I spent a brisk Sunday afternoon sitting out on the porch smoking a big stinky cigar and reading an essay about the early twentieth-century arctic explorer Vilhjalmur Steffanson.
He wrote a book in 1921 called “The Friendly Arctic,” in which he recounted the delights of living and exploring in the Far North. He traveled 20,000 miles by dogsled, discovered the world’s last major landmasses – a series of islands in the Canadian archipelago – and set a world record for longest continued Polar service – five and a half years.
What set his book apart was its tone: Steffanson really enjoyed, rather than merely endured, his life in what most of us would consider a completely miserable place.
I quote from the essay: “His favorite temperature was -40 degrees. Temperatures below -50 were manageable, but not quite so bully, since they required you to breathe through your mouth.” He continued, “Your nose is less likely to freeze when there is cold air merely outside of it instead of both inside and out.”
At this point, I feel I need to clarify something: His concern was not that his nose would ‘freeze,’ like, be really cold, but that it would freeze – as in, freeze and fall off, like an icicle on a car bumper.

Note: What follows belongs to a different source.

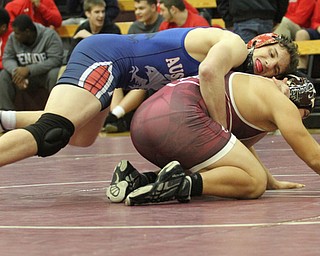Fitch's Michal Ferree(blue) attempts to reposition while pinning Boardman's Kareem Hamden(red) in the Boardman High School Gymnasium on Thursday, Dec. 22, 2016. 152 pounds..(Nikos Frazier | The Vindicator)..
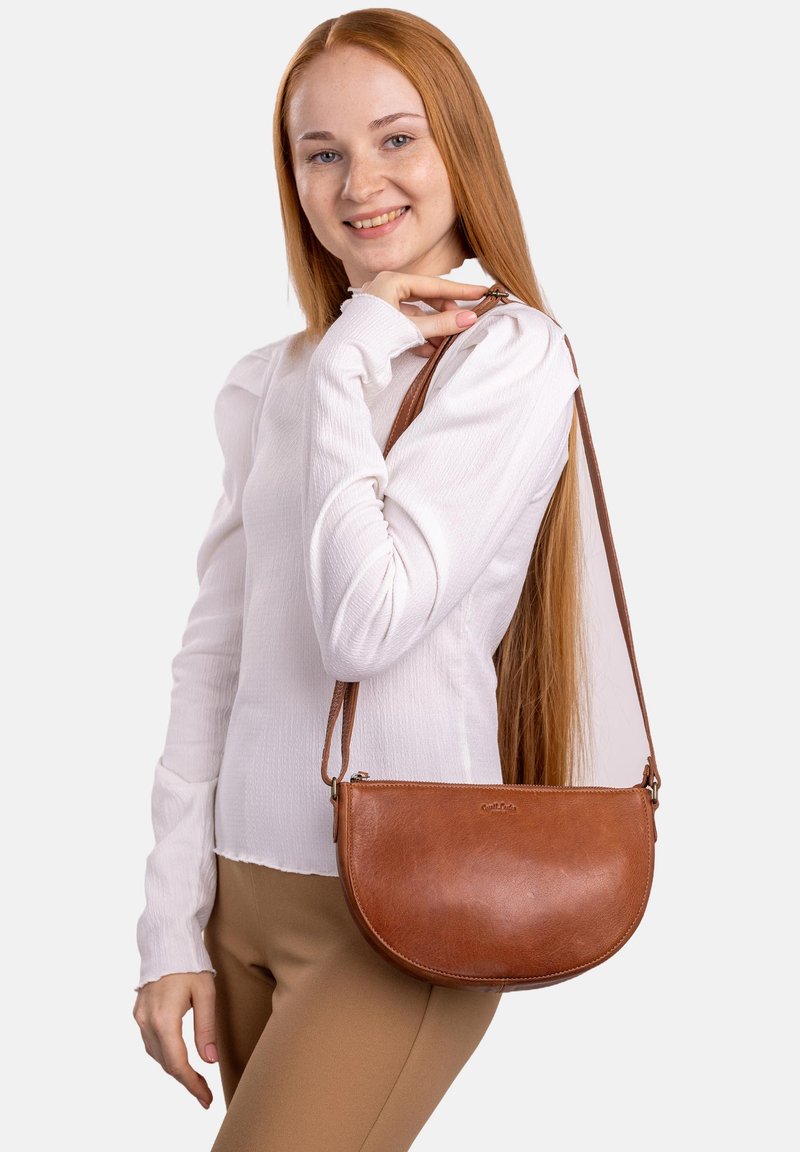 Braune Leder-Umhängetasche mit geschwungener Form, glatter Textur und verstellbarem Riemen, über der Schulter getragen zu einem lässigen Outfit.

Those of us living in the sub-tropical Deep South may get a little blue when the temperature drops and the days get shorter. We are inclined to think that people living in arctic conditions would be catatonic with depression.

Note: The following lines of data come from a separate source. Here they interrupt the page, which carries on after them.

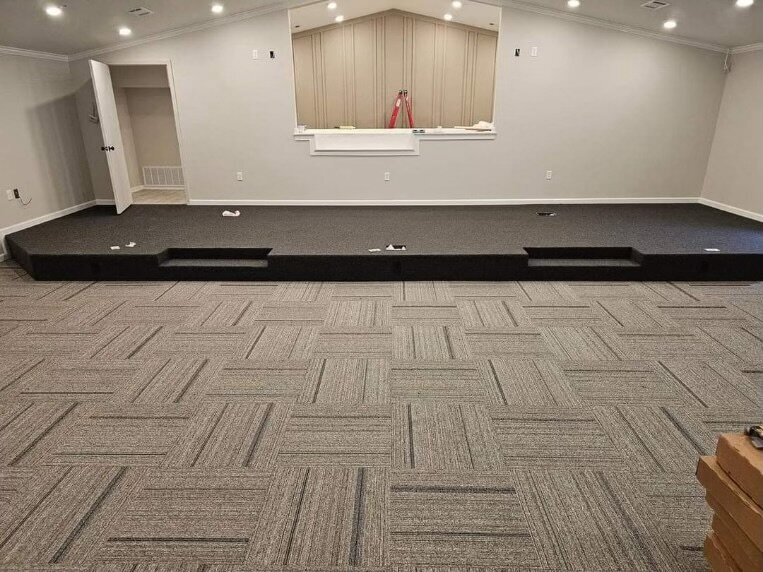 Light gray patterned carpet at a church.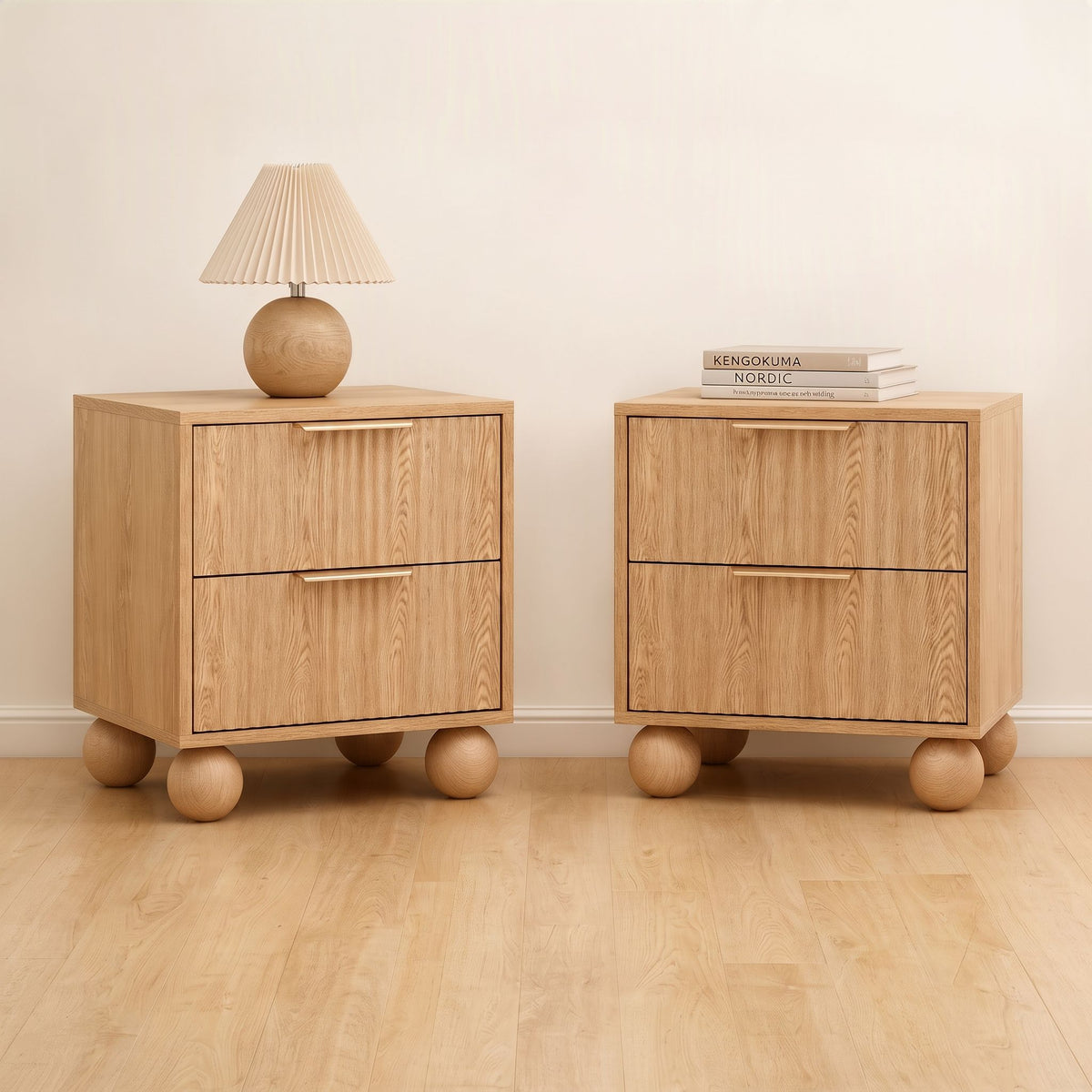 Pine bedside table with drawers featuring rounded legs and a warm, natural finish in an elegant bedroom setting.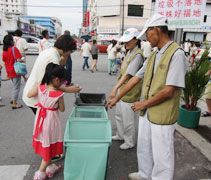 志工指導民眾資源分類，放入適當的回收桶。【攝影者：蔡東湘】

On the contrary, Steffanson said, “An eskimo laughs as much in a month as the average white man does in a year.” Let us hope they are breathing through the nose when doing so.
He had much to say about the joys of living like a native – “Why would anyone wish to wear wool when nothing feels as good against the skin – not even silk – as the skin of a young caribou?”

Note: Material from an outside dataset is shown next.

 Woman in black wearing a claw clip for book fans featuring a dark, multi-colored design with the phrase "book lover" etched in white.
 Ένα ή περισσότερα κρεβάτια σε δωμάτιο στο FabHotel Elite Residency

And my very favorite was this – “Why live in a house, when an igloo, lit with a single candle, resembles a hemisphere of diamonds?”
I don’t particularly want to travel to the Arctic. I prefer corduroy to caribou skin. But I have to think that a night in a candle-lit igloo, sparkling like a diamond hemisphere, would be pretty great.
We humans are more adaptable than we think. We can endure, and even find joy, in difficult circumstances. There is beauty and mystery in every corner of our world. When we light our candles, the world sparkles.
“Through him all things were made; without him nothing was made that has been made. In him was life, and that life was the light of men” (John 1:4, New International Version).